Cinquantadue anni lui, quindici lei. Ma per i giudici non c'è reato. Perché? Nonostante la ragazzina e i suoi genitori sostengano il contrario, la protagonista di questa folle storia d'amore cominciata in chat era consenziente. Anche quando i due, dopo una serie di messaggi, e foto senza veli, scambiati in rete si incontrano e consumano un rapporto sessuale completo. Lo stabilisce una sentenza del Tribunale di Venezia che chiude un procedimento durato cinque anni. A rigettare le accuse un collegio di tre magistrati donne che mercoledì scorso ha prosciolto il 52enne. Al termine della requisitoria il pm, Giovanna Zorzi, aveva chiesto una pena di otto anni. Il fatto non sussiste per i suoi colleghi giudicanti: «C'era il consenso» ribadiscono in aula con la lettura della dispositivo che assolve l'indagato per non aver commesso il fatto. Ovvero aver consumato rapporti sessuali con una minorenne. Inizia
tutto in chat, i due si scambiano like come se piovesse. Sembrano due adolescenti innamorati, peccato che uno dei due, lui, ha più del triplo degli anni di lei. Lui chiede insistentemente di incontrare la sua nuova fiamma, lei, secondo quanto raccontato dalla ragazza ai suoi genitori che hanno sporto denuncia, non vuole. Quei «mi piace» alle foto postate su Instagram, complimenti e messaggi sempre più spinti avrebbero convinto i magistrati che fra i due le cose andavano diversamente. Per il pm i rapporti sarebbero avvenuti dopo che lui «chiedeva insistentemente di potersi incontrare di persona» anche a fronte di «rifiuti categorici della ragazzina». E il rapporto completo? Avvenuto «nonostante la sua opposizione manifesta», sempre secondo l'accusa. Ascoltata in aula come testimone, la ragazza, oggi ventenne, non ha convinto la giuria. «Inverosimile» la sua versione, a fronte dei messaggi inviati dalla stessa al 52enne. Uno di questi: «Sei mio». Eppoi i video che lasciano poco spazio alla fantasia. Immancabili le polemiche. «La sentenza ci riporta indietro di 30 anni - commenta l'avvocata Maria Teresa Manente, responsabile dell'ufficio legale di Differenza Donna -. Ancora una volta non si crede a una ragazza, la si accusa di aver provocato.

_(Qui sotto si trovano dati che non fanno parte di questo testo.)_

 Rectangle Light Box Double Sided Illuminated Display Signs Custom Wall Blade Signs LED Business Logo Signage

Il lei ci sta diventa prova contro la sua parola, si sostiene sia stato il suo comportamento a
legittimare la condotta di un uomo adulto». «Le dinamiche che apprendiamo dai media - sottolinea Elisa Ercoli presidente di Differenza Donna - ci raccontano di una prassi di adescamento sui social o su sistemi di instant messaging, di cui spesso le ragazze giovanissime cadono vittime. Il loro iniziale stare in quella relazione violenta non significa il loro consenso a situazioni in cui si troveranno coinvolte». Stesso tenore per la sociologa Lella Palladino, vice presidente della fondazione Una Nessuna Centomila: «Tema principale di questa sentenza, molto discutibile, è che cosa si intende per consenso. Esiste una relazione fortissima di potere tra un uomo così adulto e una ragazzina di 15 anni.

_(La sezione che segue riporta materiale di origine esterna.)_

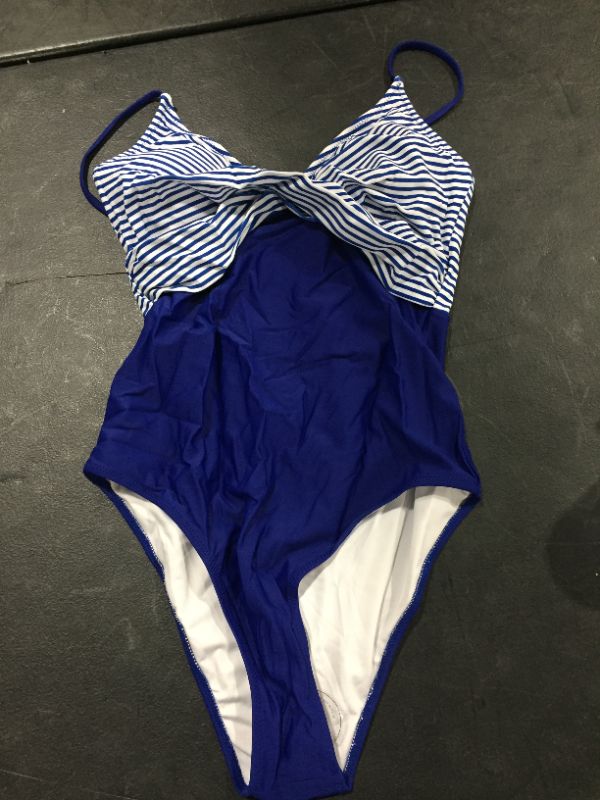 Photo 2 of Blue And Stripe One Piece Swimsuit size M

In quale modo può aver prestato, consapevolmente, un vero consenso a una relazione sessuale? Una minore, per quanto possa aver fatto esperienze sessuali precoci - conclude - resta una minore. L'atteggiamento, come a dire se l'è cercata, dimentica non solo l'aspetto giuridico di minore in quanto tale ma anche il fatto che la minore età non la rende una persona pienamente consapevole».